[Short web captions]
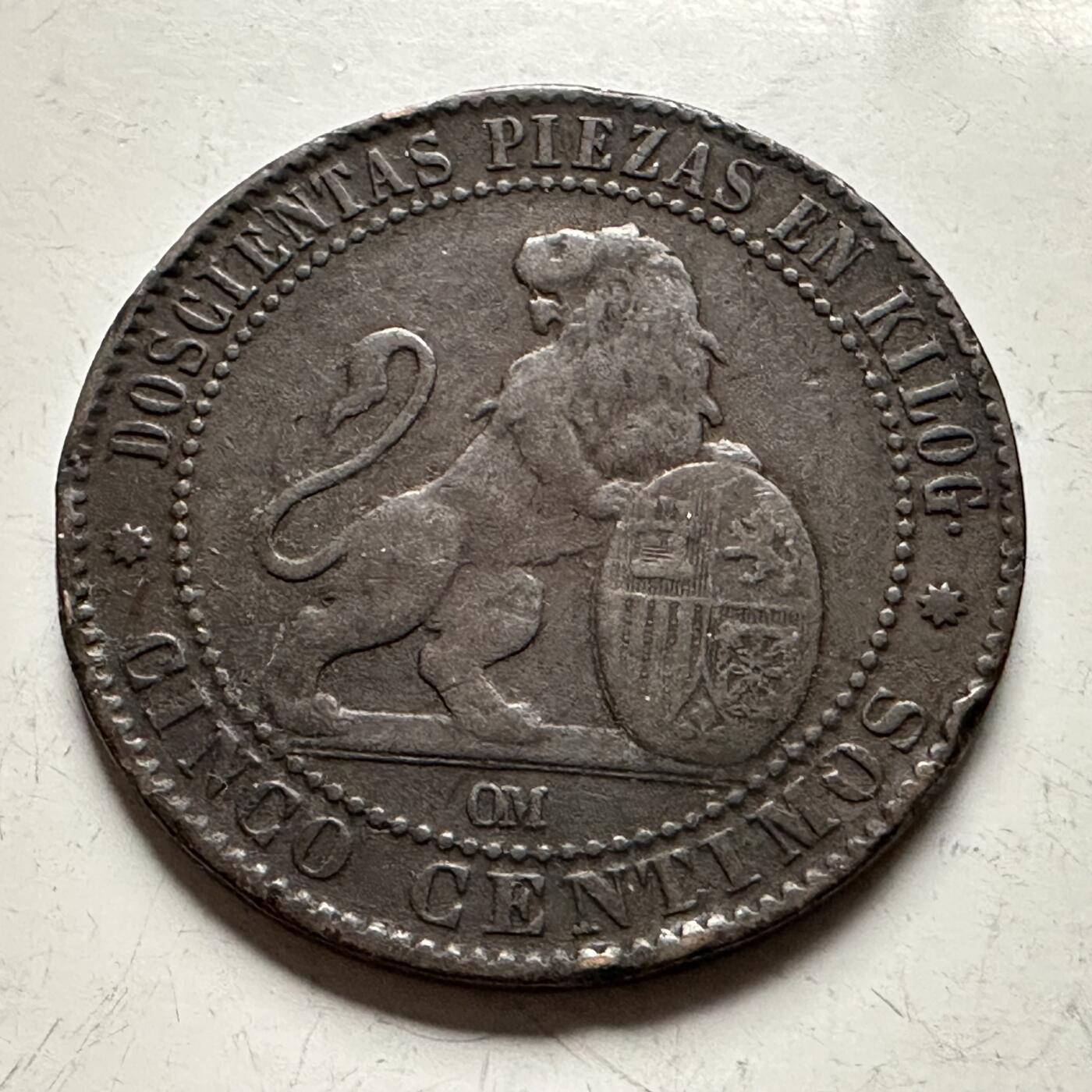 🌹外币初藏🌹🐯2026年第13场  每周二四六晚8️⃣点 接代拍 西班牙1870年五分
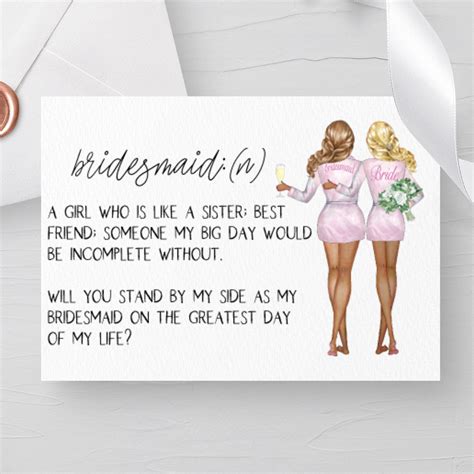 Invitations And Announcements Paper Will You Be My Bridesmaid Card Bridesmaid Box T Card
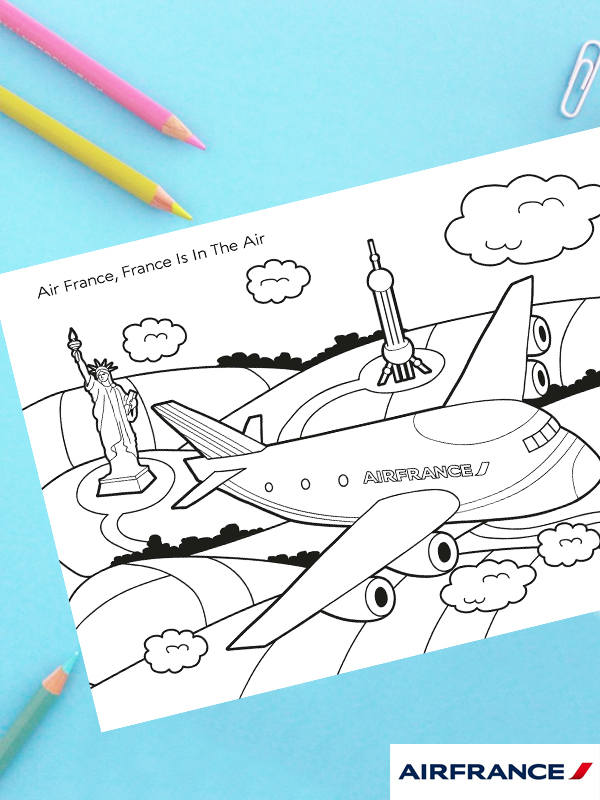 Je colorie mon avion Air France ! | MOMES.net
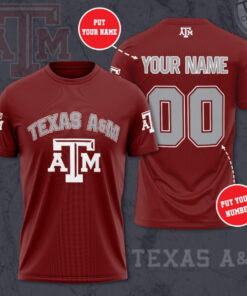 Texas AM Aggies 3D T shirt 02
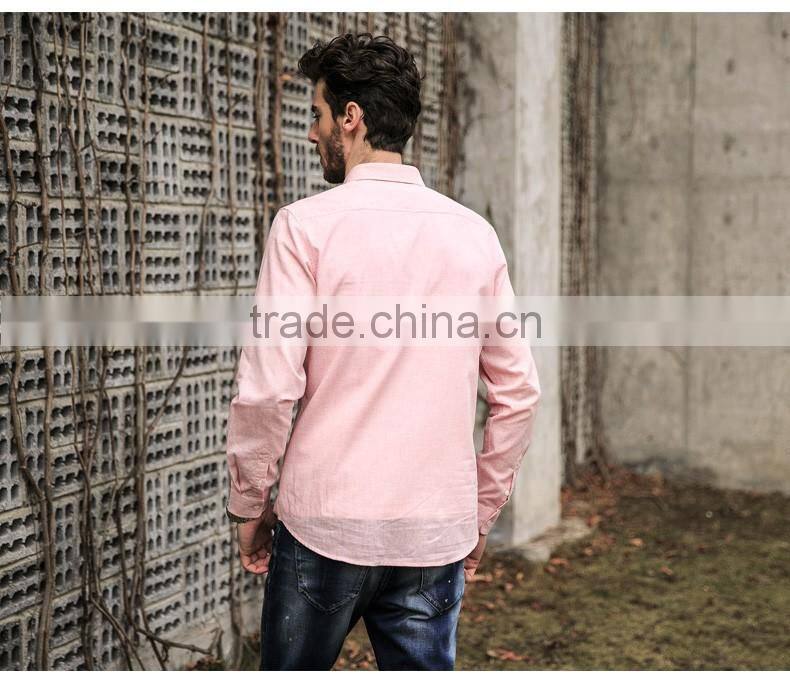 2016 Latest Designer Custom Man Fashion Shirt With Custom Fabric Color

About this exercise =
A word-for-word repeat is expected of the lines from the one with "Je colorie mon" to the end of the data, both included; pictures are not part of it.

Task result =
 Je colorie mon avion Air France ! | MOMES.net
 Texas AM Aggies 3D T shirt 02
 2016 Latest Designer Custom Man Fashion Shirt With Custom Fabric Color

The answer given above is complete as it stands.